Bangladeshi migrant workers pay the highest recruitment costs in the world, the World Bank said in a report.
Citing a recent survey by the Global Knowledge Partnership on Migration and Development, the WB said worker-paid recruitment costs averaged $1,955 in Kuwait with the Bangladeshis paying the highest, ranging between $1,675 and $5,154.
Almost 10 million people use regular channels to migrate in search of employment every year. A large number of them pay illegal recruitment fees to recruitment agents.
“Recruitment costs paid by migrant workers to recruitment agents, on top of the fees paid by the employers, are a major drain on poor migrants’ incomes and remittance,” according to the Migration and Development Brief released in Washington recently.
A 2009 Bangladesh Household Remittance Survey conducted by the International Organisation for Migration found that more than half of the migrants paid over $2,000 in recruitment fees.
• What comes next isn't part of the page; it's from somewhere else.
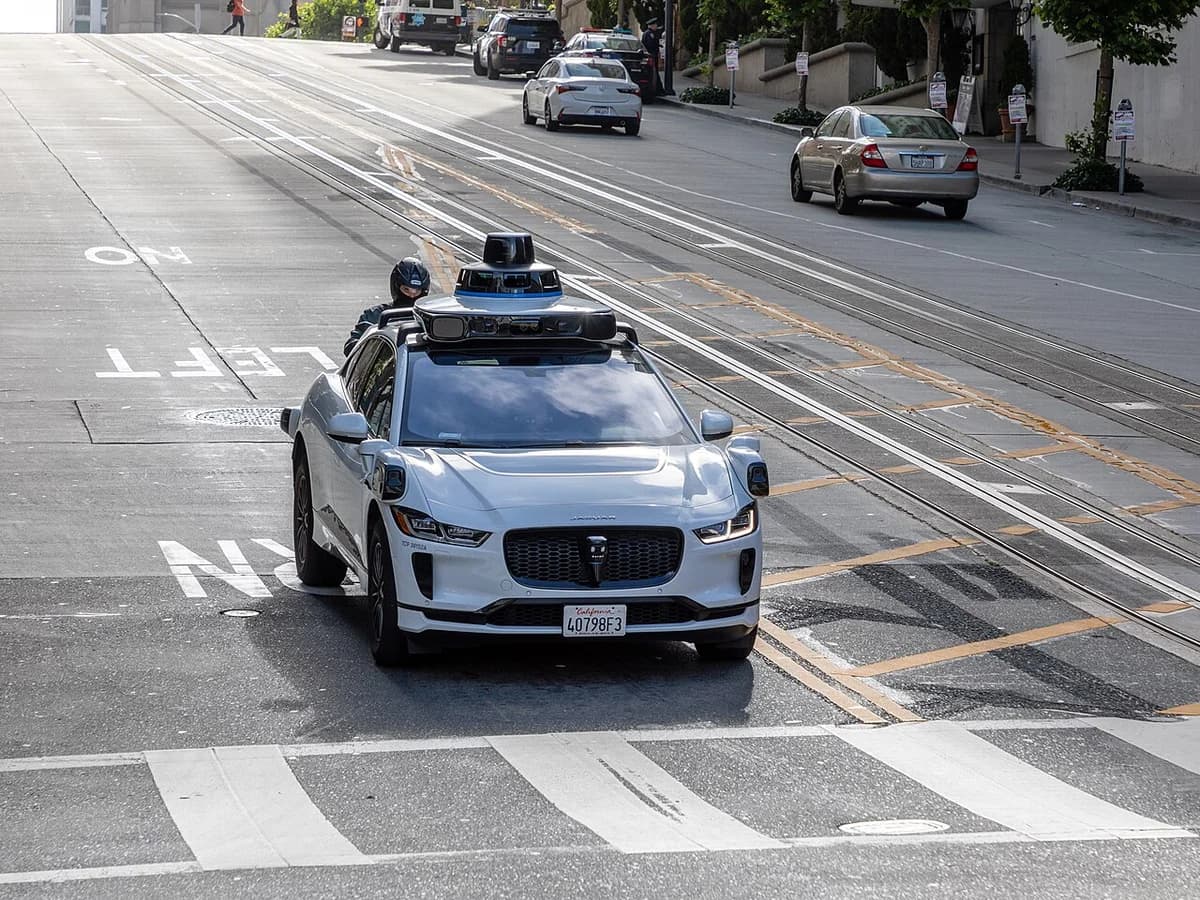 A Waymo self-driving car driving on a San Francisco street.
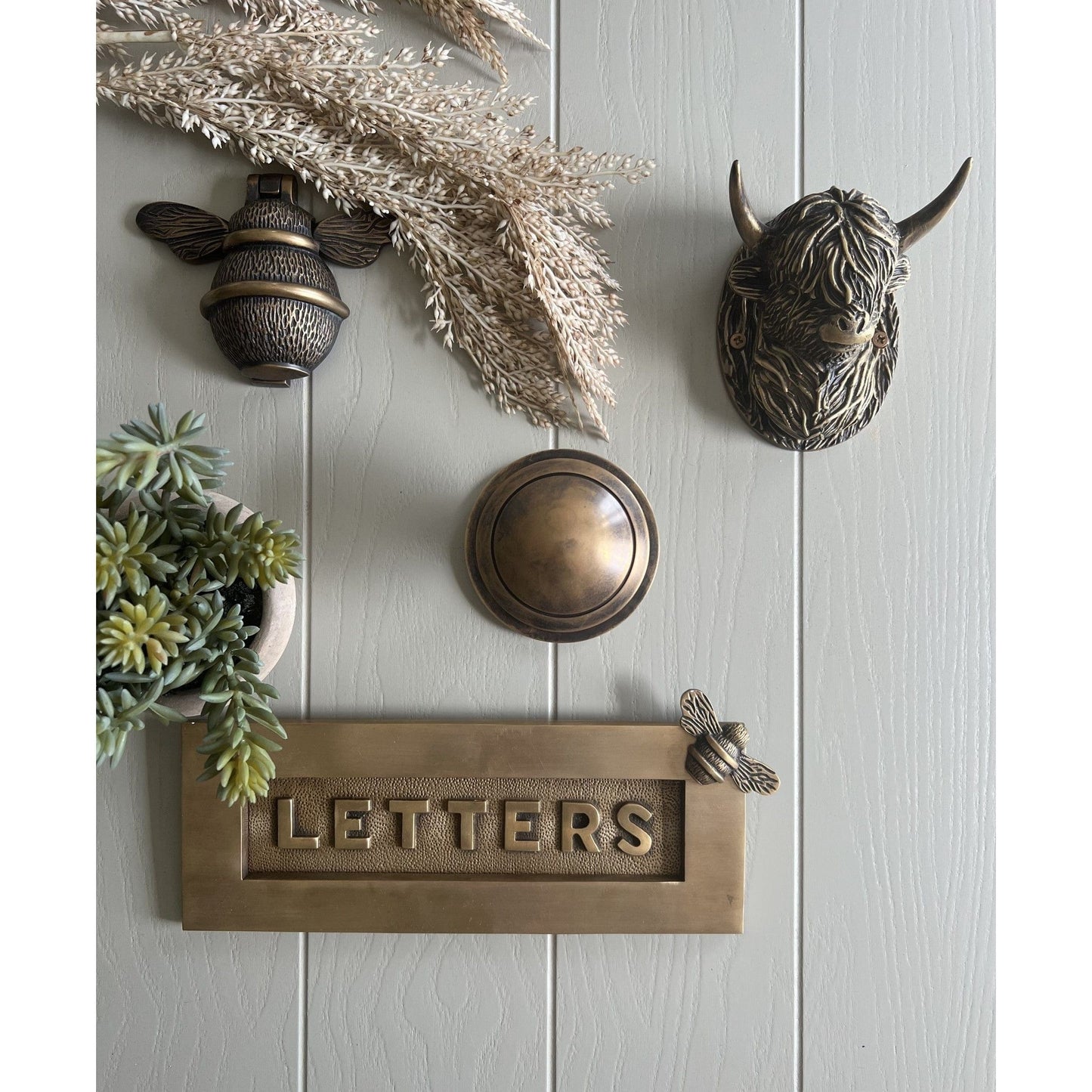 Brass bee door knocker and letter plate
Fees paid to smugglers for crossing international borders, a reasonable proxy for the black market recruitment fees, tend to be even more exorbitant.
For example, according to the European Union, smuggling fees to Europe ranged from $5,000 in the case of Vietnamese workers to more than $15,000 for Bangladeshi workers in 2013.
On top of these direct fees paid to recruitment agents, migrant workers are often subject to usurious interest rates of over 50 percent on loans taken to cover the costs of migration, the study said.